Anne Bennion and Alexander Woods, Department of Music
For my project, I learned and performed Bach Violin Sonata No. 2 in A minor on baroque violin and performed it in a community recital. In the Baroque era, the violin was strung with gut strings and played with a shorter, lighter bow. This instrument was ideal for the Baroque style of music which calls for quick articulations, and a more buoyant tone. But overtime the instrument evolved into the modern violin which has greater tension in steel strings tuned a half-step higher, and played with a longer, heavier bow. This allows the violin to produce a larger sound, but the increase in tension on the instrument requires a change in the musician’s technique. Twentieth century playing styles of long strokes and continuous vibrato, but performing baroque era music calls for different techniques.
I studied with Alexander Woods throughout my project to learn these historical music techniques. This grant allowed me to travel to New York City to receive instruction from Julliard professor Robert Mealy and attended a Baroque concert in New York City. In this lesson, I learned that baroque playing is much more improvisational. Professor Mealy encouraged me to be fluid with my tempo and aim for the peaks of phrases. He also helped me find a deeper, richer core sound with the new style of bow by using a slower stroke. I then learned the sonata on a baroque violin with help from my mentor. I also rehearsed and performed Handel’s Messiah with the Baroque Ensemble and London- based choir Tenebrae. This experience helped me learn to lighten and quicken my articulations, I learned the proper style for trills, and when to sustain through phrases. My mentor performed with us and I learned a lot from observing and listening to his style of playing. I performed Handel’s Messiah in the Salt Lake Tabernacle with the Baroque Ensemble. This was a major highlight of my musical life. We were performing with incredible professional singers in a hall with excellent acoustics. We were well prepared and played our best. It was a very spiritual experience to perform such sacred music in a beautiful space for a large and appreciative audience.
Throughout the semester I practiced daily to prepare for my final performance of Bach Sonata No. 2 in A minor on Baroque violin. The learning curve was steep and sometimes frustrating. I felt like a beginner as I worked through squeaks and out of tune notes.
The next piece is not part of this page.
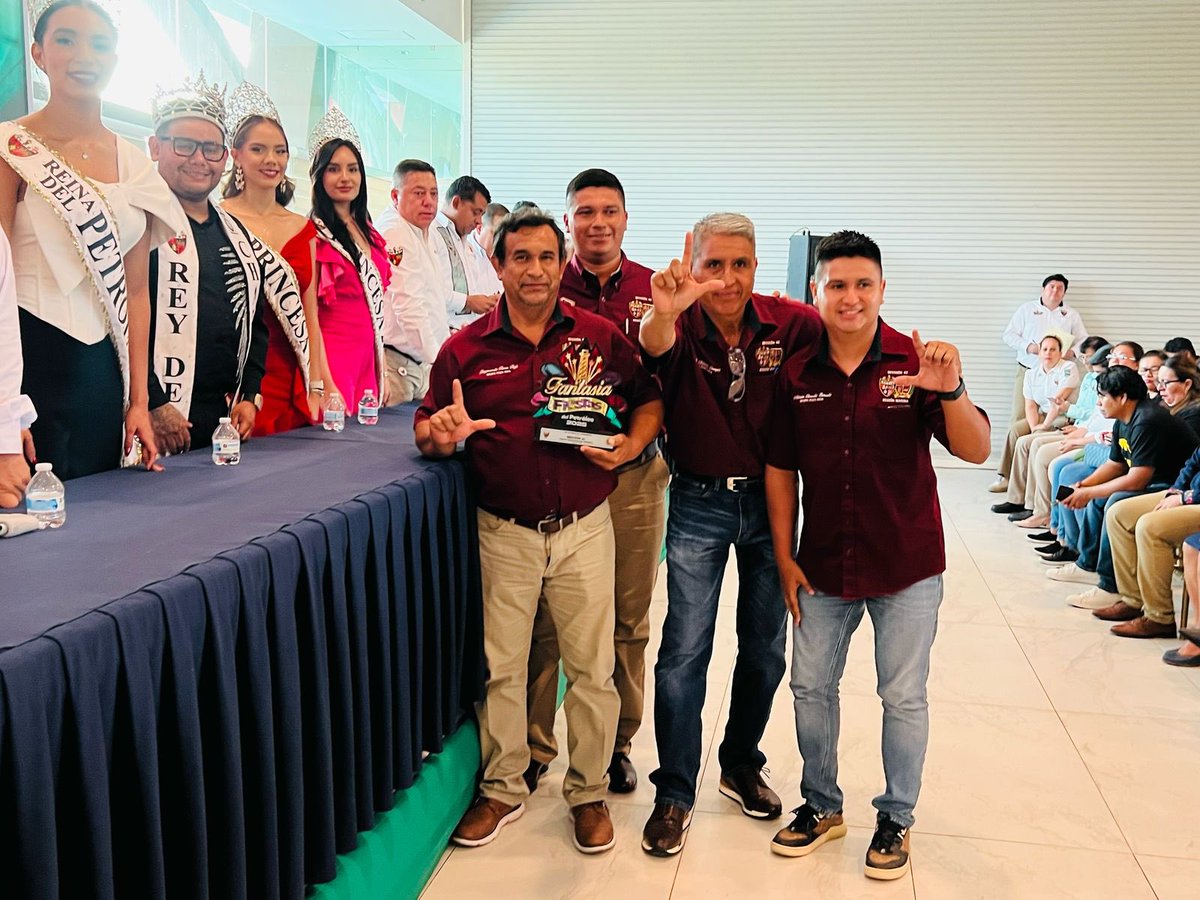 Javierc11455325's tweet photo. El día de hoy recibimos un reconocimiento de parte del Srio. Gral. de la Seccion 30 para nuestra querida @Seccion42_STPRM  por la participación del @GPozarica  en el desfile del 18 de marzo en conmemoración del87 aniversario de la expropiación petrolera @lgps03101 @MarcoAzuara1 https://t.co/Bvki0tSDHW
This experience was spiritually rewarding because practicing felt like work that was refining my character. Bach is my favorite composer, and studying this piece in depth increased my love and appreciation for his genius.
Finally, I performed the sonata in a house concert for a large group of friends. This was also a big highlight for me because I could share my favorite music with my closest friends and neighbors. It was an intimate setting which seemed fitting for the style of Baroque music. I decided to record the sonata in our University studio so that I could remember the experience and share it with people who were unable to come to the recital.
Overall, this experience was very rewarding and enjoyable. It was very fulfilling to see the transformation that comes from persistent effort and expert instruction. I feel motivated to continue studying baroque violin and I plan to keep preparing to audition for the Historical Performance Master’s program at Julliard after I graduate. I feel very grateful for this grant, my
mentor, my family and friends and all those who helped me along the way to have this challenging and joyful experience.